08.11.2007 / 02:22 / Kai Schreiber liest: The Power Broker (Robert A. Caro)

Stadtplanung (59-70)


Wenn das die angehenden Stadtplaner sehen.
I'll kill you, ruft der alkoholkranke Nachbar offenbar immer, wenn er freundlichen Umgang mit Vermietern pflegt, die ihn grade aus seiner Wohnung geklagt haben, und so rief er es auch dem kleinen Ungarn zu, der scheu im Hausflur stand, I'll jump your bones, so wurde es mir jedenfalls erzählt. Die Wissenschaft hat nachgewiesen, dass bis zu 75% unseres Lebens indirektes und nachvollzogenes Fremdleben ist. Erfundenes, Nacherzähltes, Nachgelesenes, und natürlich nacherzähltes Gelesenes. Das ist toll, aber was bedeutet es? Und stimmt das überhaupt, oder hab ichs grade erfunden? Es passiert jedenfalls was im Apartment über uns, davon zeugen schon die Schabenscharen, die wegen Abriss ihrer Möbel bei uns auf Wohnungssuche gehen, und doch nur ihr Ende finden. Dumme Tiere, wir alle.

Auf dem Weg nach Journal Square zähle ich ein paar Blocks lang die Mülleinheiten auf der Strasse, hunderte kommen da zusammen, ich höre folgerichtig schon nach drei wieder auf, aber müssen denn Strassen in verschnarchten Wohngebieten wirklich aussehen wie das Innere unserer Mülltonne aussähe, wenn wir uns nur von Zigaretten, Kartoffelchips und kostenlosen Zeitungen ernährten?
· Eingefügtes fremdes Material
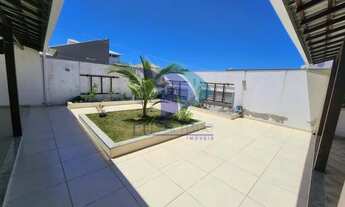 Imagem 6: COD 932 Aluguel Fixo- Casa Duplex- Condomínio dos Pássaros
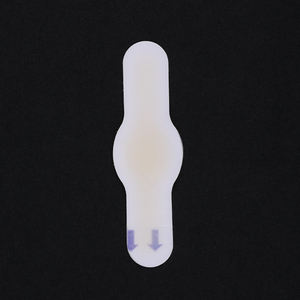 Vendajes <span class=keywords><strong>de</strong></span> Gel para Ampollas, Cojines para Ampollas, Vendajes Hidrocoloides Resistentes al <span class=keywords><strong>Agua</strong></span> para el Talón, los Dedos y el Pie, Almohadillas para Ampollas para <span class=keywords><strong>la</strong></span> Prevención - Product Image 3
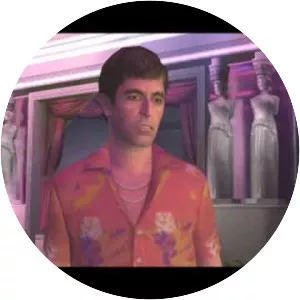 George Sheffield - Fictional character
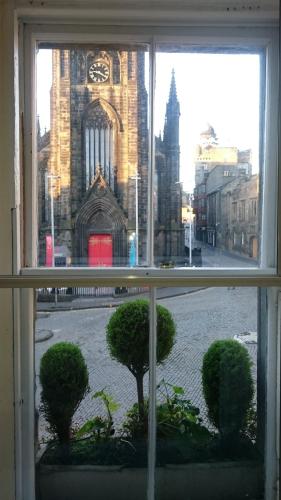 Royal Mile Apartment, 1 minute from the castle., Edinburgh (fotografie 3)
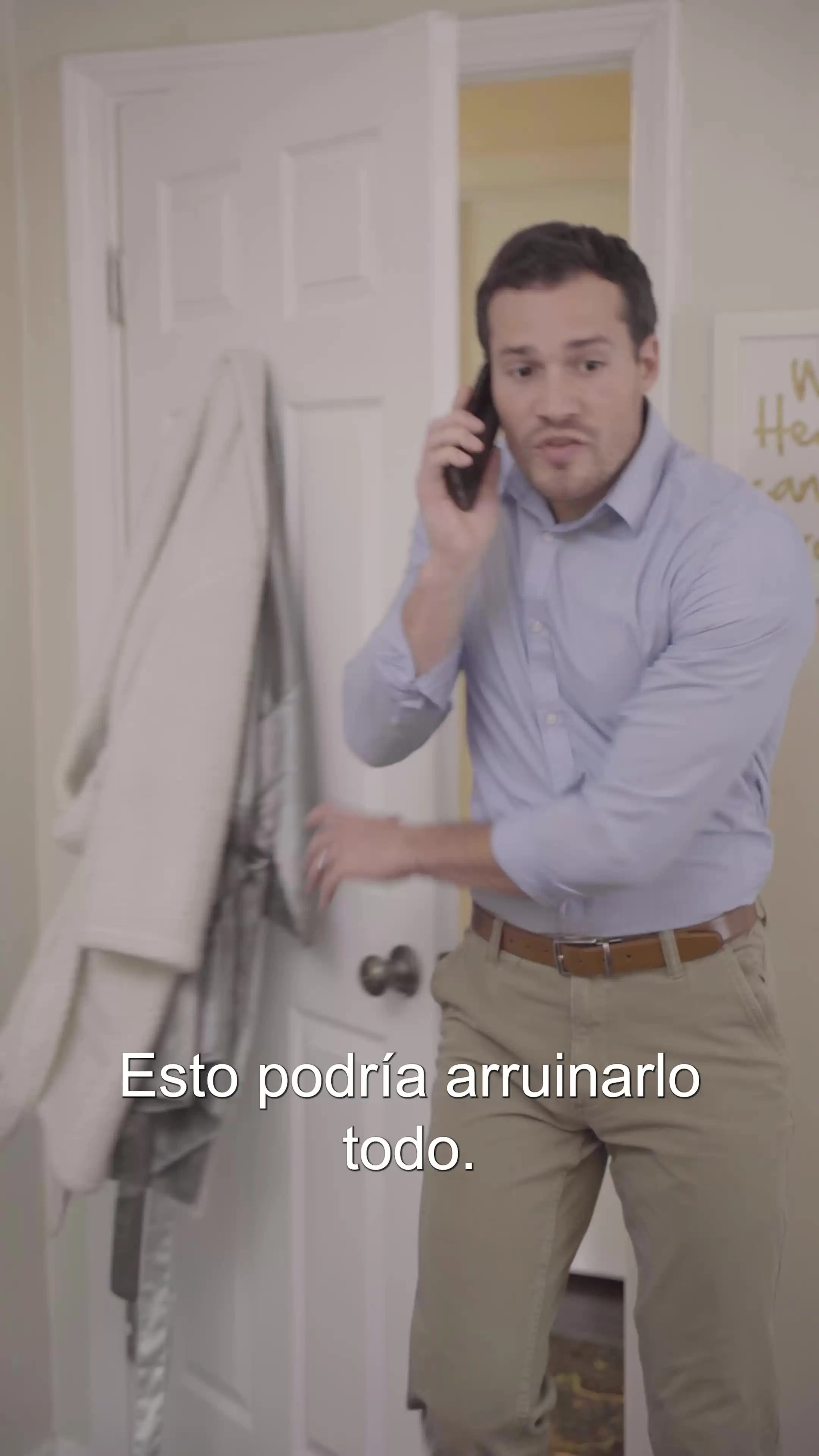 Episodio 25 de La Venganza del Yerno
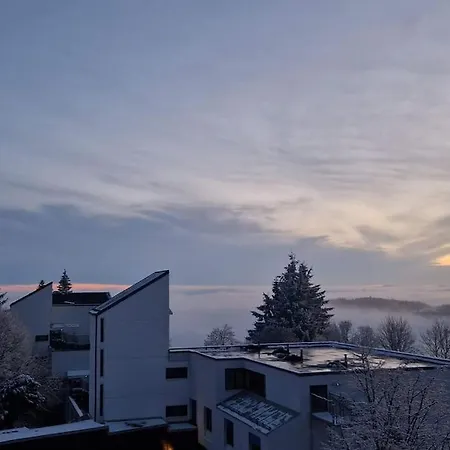 Apartment Sauna, Pools Mit Xxl-terasse Oder Kinderkino Sankt Englmar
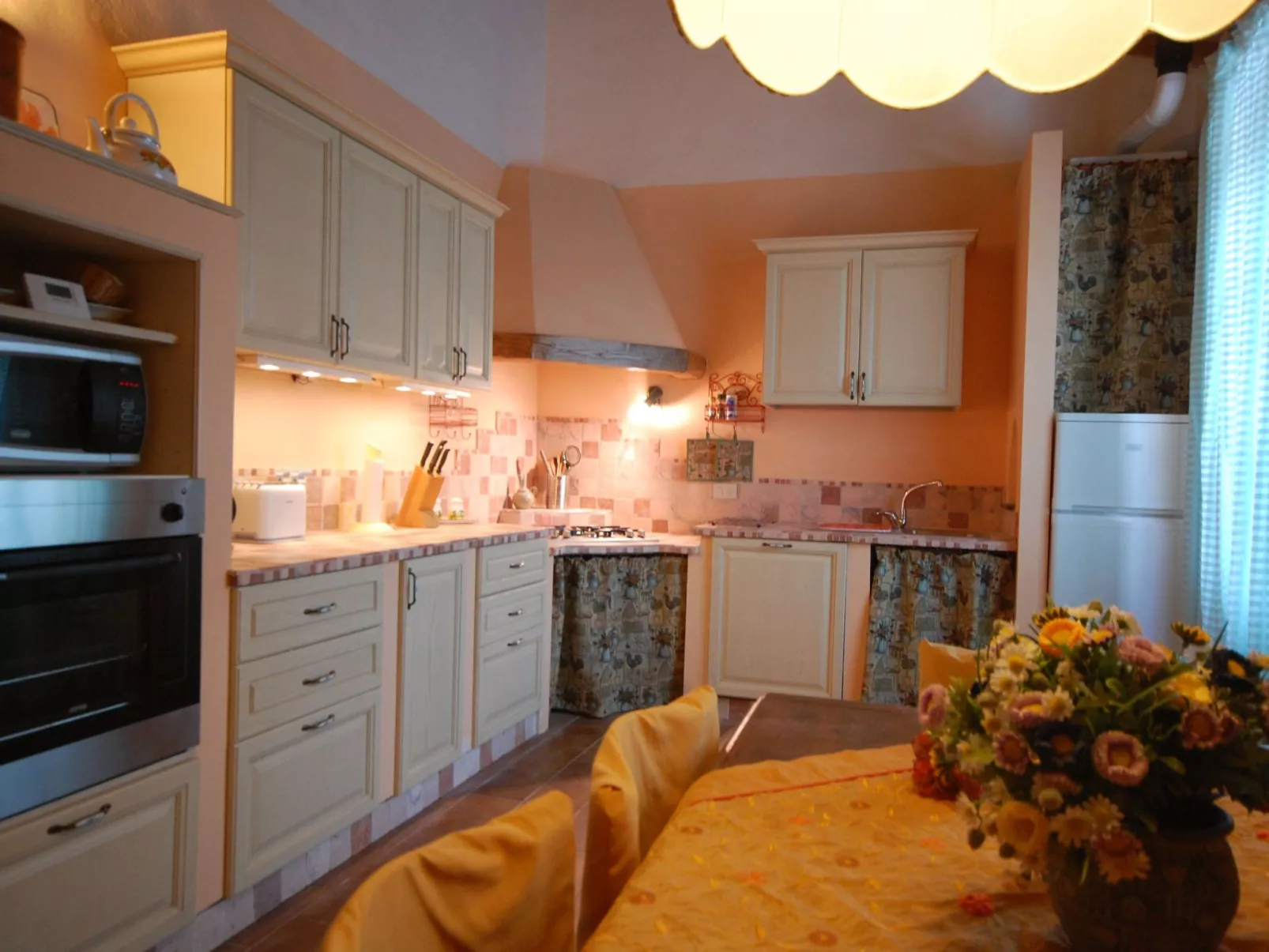 Ferienvilla "Agriturismo" mit Infinity Pool-Image-tags.info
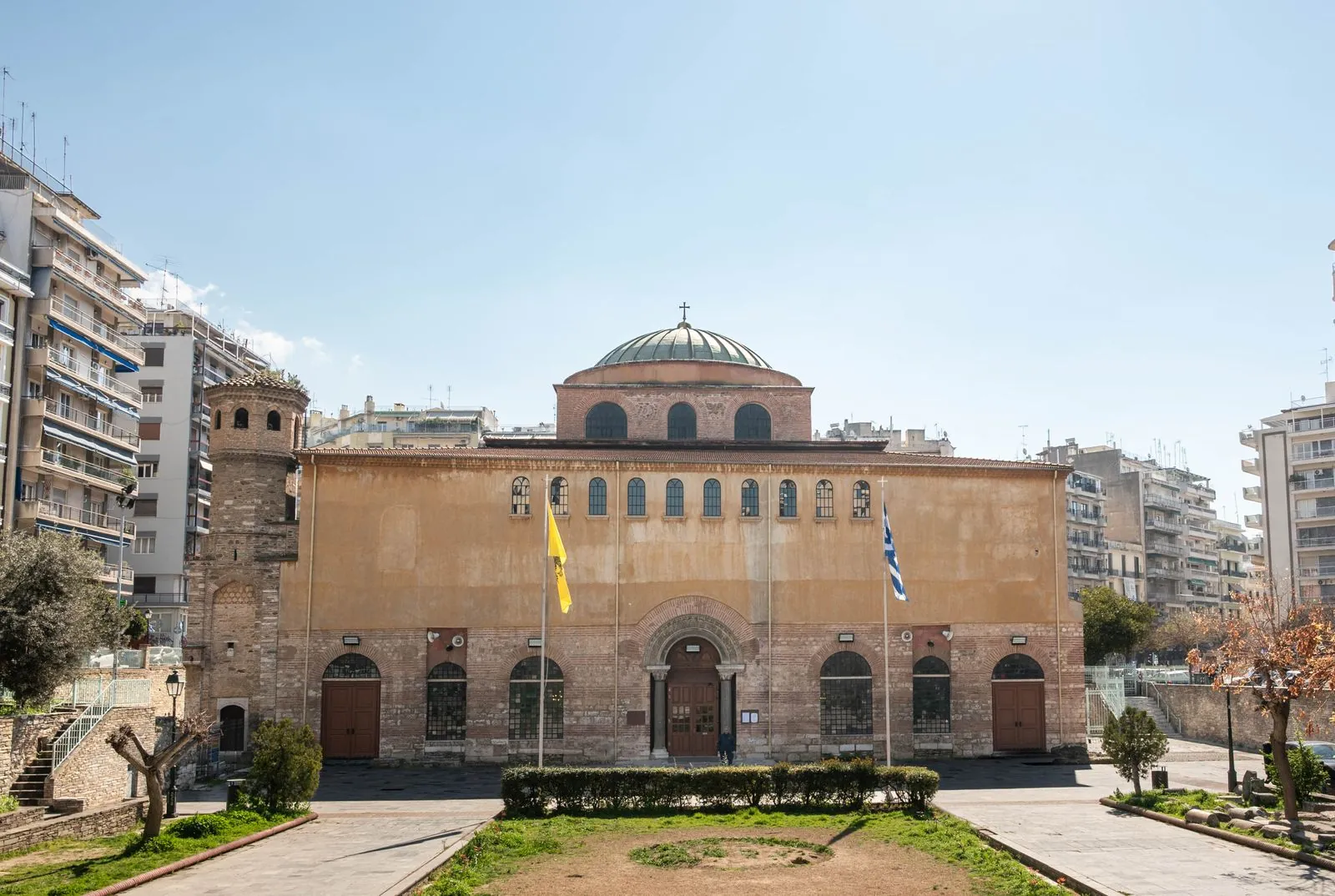 Welke musea zijn geschikt voor kinderen in Thessaloniki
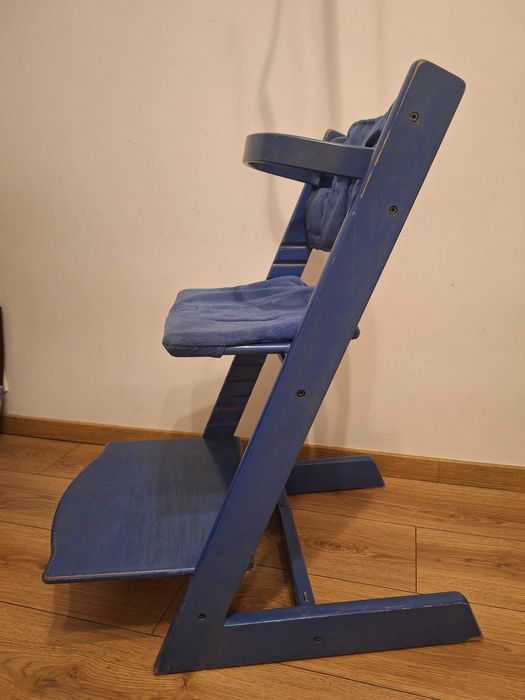 Krzesełko Stokke Tripp Trapp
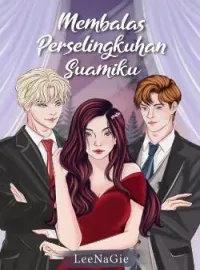 Membalas Perselingkuhan Suamiku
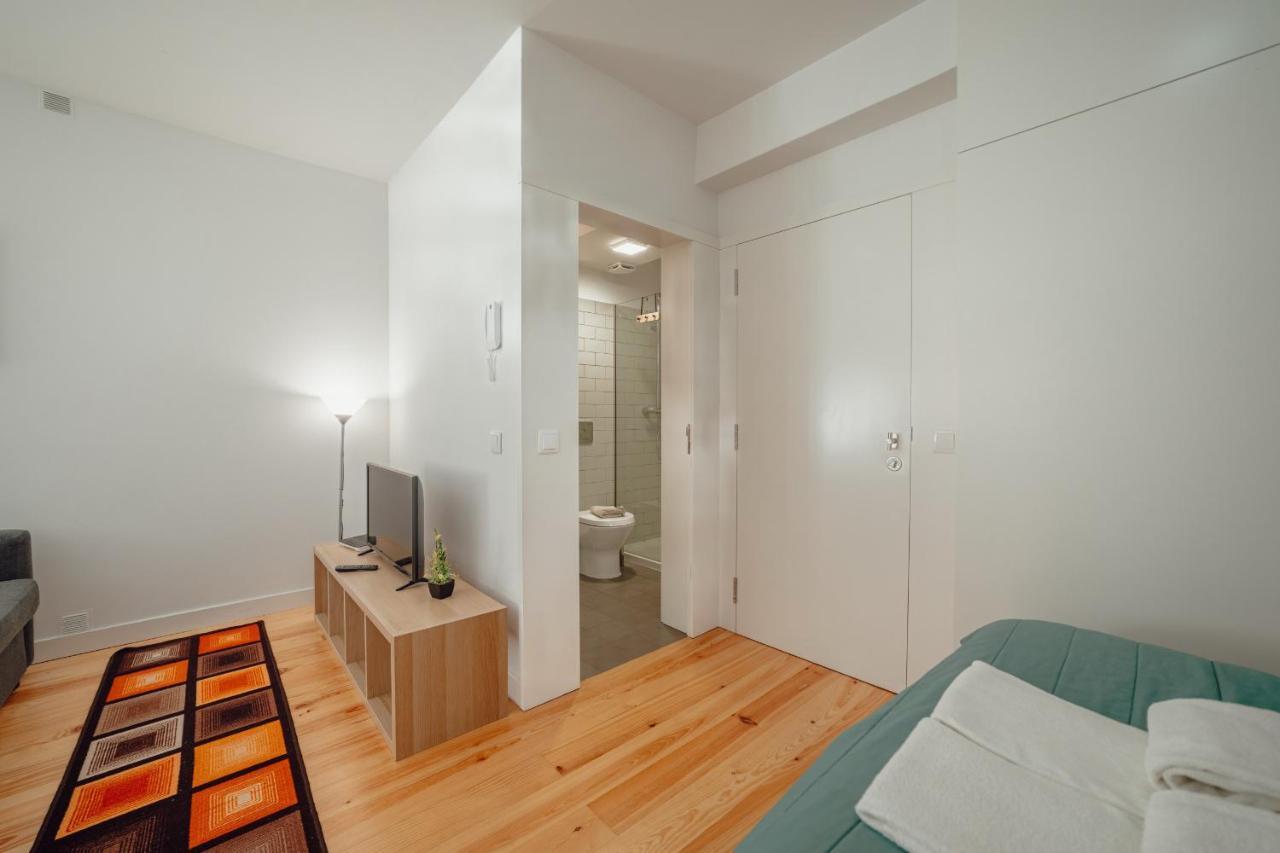 Guest H4u - Batalha Center * Porto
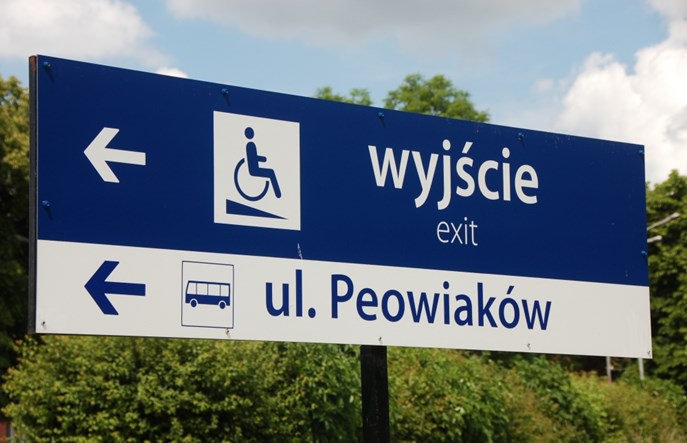 Zamość: Potrzebna poprawa dostępu do nowych przystanków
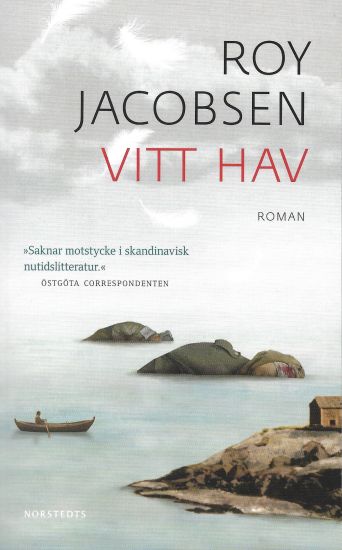Vitt hav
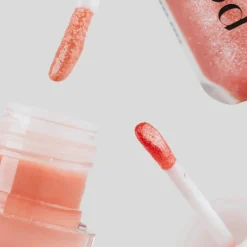 Pearl Beauty On The Glow Oil Infused Lip Gloss - Georgia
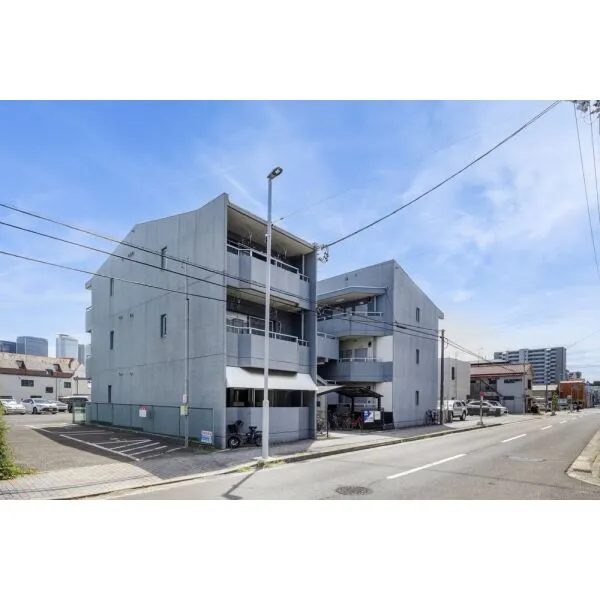 名古屋市中村区大秋町2丁目 外観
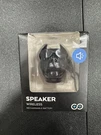 *new* Smart Theater Black Dog Wireless Speakers Rechargeable Bluetooth *sealed*. Fixed Price $12.99.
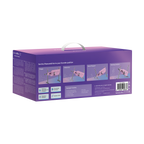 KIIROO - PleasureDrive - Interactieve Webcammachine - Roze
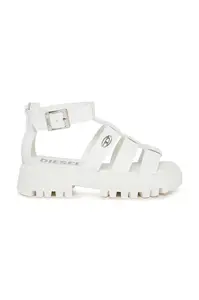 Diesel sandály dětské D-SANSTRY SANDALS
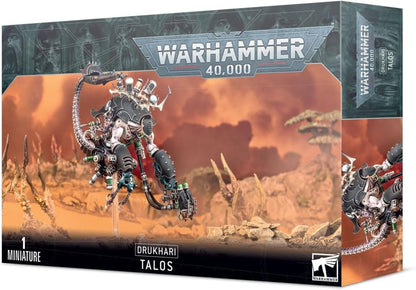 Drukhari: Talos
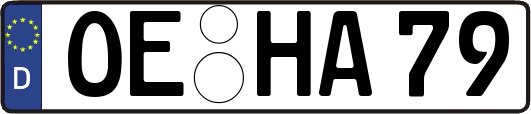 OE-HA79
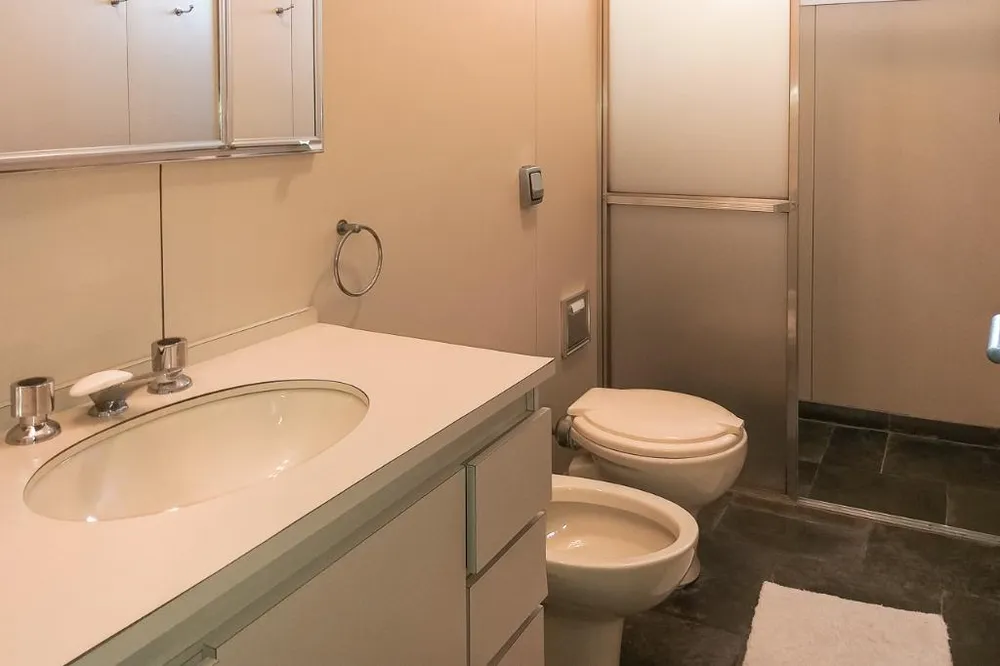 Apartamento, 3 quartos, 164 m² - Foto 5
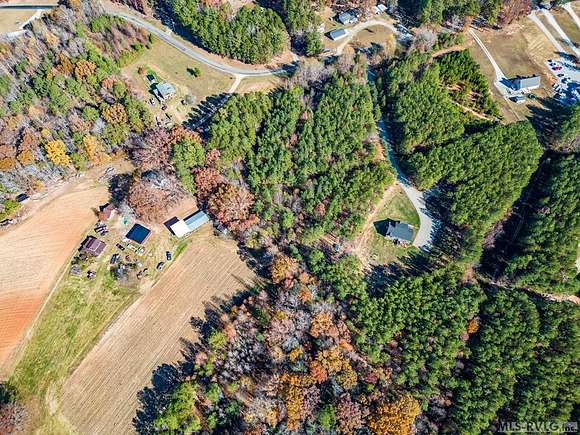 1.6 Acres of Residential Land for Sale in La Crosse, Virginia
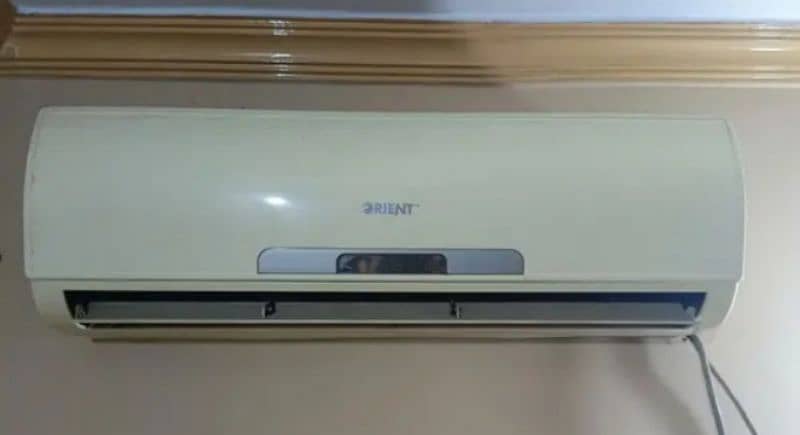 Orient OS-13MDD 1 Ton
. 1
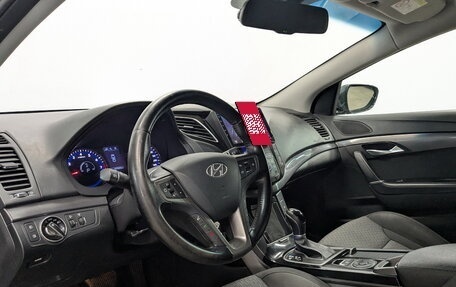 Hyundai i40 I рестайлинг, 2016 год, 1 450 000 рублей, 16 фотография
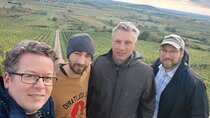 Tokaj Wine Tour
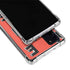 Disney Mickey Mouse Grumpy Face Galaxy Note20 5G Clear Case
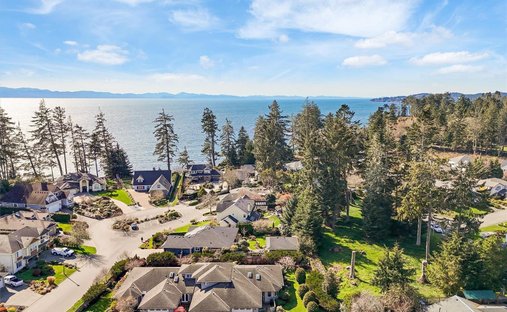 Townhouse in Sooke, British Columbia, Canada 1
Schon gut, nicht beantworten, wir sind eh alle derselben Meinung, da steht zum Beispiel ein Ladeninhaber und kommt seiner Vision eines sauberen Gehwegs qua Fegens ein wenig näher. Was also fegt er? Er fegt den Müll. Und wo aber fegt der Mann den Müll hin? Er fegt den Müll über den Bordstein auf die Strasse. Nuja, ich will ausnahmsweise mal nicht schimpfen, immerhin ein Anfang ist gemacht, der Gedanke zählt, es wurde hier zwar kein Riverside Park grosspurig geplant, keine Waterfront von einem kleinen Angestellten der Stadtbehörden in die Revitalisierung geträumt, keine matschigen sechs Meilen als Familienausflugspark neu erfunden, aber immerhin ein bisschen Müll vom Gehweg auf die Strasse gefegt, und vielleicht hat ja der brave Mann in seinem Lädchen einfach noch nicht gehört, dass es manchmal Wind gibt, der sowohl den Müll von alleine wegbläst, als auch den weggefegten zurück. Vielleicht hat er aber auch nur Ehrgeiz für zehn und baut in wenigen Jahren schon monströse Brücken über den Fluss Hackensack, der wirklich so heisst.

An Journal Square dann ist die obere Rolltreppe in Betrieb, ich reibe mir ungläubig die Augen, bekomme Angst, es ist aber alles in Ordnung, auf der zweiten Ebene stehen die Absperrungen, so soll es sein. Nach zwanzig Minuten kommt der Zug, eine Durchsage: dieser Zug endet hier, eine weitere Durchsage: Züge nach Newark verschieben sich fünfzehn Minuten, dann noch eine: Zugverkehr nach Newark ist eingestellt, wegen Police Action. Curse you, Moses.